=== Supplied material ===
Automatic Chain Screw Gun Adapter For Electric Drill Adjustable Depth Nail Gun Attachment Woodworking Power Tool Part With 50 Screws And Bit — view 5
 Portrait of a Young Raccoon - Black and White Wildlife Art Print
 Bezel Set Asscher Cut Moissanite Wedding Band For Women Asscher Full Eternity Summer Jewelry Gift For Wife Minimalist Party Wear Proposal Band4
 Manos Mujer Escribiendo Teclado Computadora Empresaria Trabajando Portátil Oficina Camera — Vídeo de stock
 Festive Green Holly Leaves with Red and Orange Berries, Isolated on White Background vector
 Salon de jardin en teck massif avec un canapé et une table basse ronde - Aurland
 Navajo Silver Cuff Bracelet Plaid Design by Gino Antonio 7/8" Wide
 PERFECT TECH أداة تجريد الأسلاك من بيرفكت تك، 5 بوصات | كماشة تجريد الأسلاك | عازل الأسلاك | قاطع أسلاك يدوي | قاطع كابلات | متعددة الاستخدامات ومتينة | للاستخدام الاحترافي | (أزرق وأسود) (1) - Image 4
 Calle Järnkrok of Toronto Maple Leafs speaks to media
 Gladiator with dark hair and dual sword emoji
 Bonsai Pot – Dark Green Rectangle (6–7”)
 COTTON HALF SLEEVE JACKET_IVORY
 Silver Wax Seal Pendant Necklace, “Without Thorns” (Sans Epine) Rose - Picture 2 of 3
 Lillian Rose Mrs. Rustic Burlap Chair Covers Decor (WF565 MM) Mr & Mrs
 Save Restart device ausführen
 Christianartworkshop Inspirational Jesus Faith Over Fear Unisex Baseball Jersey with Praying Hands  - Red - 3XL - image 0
===
Exercise details >>
What is the number of lines in the preceding entries that hold the string "Green"? Give it alone.

Output of the exercise >>
2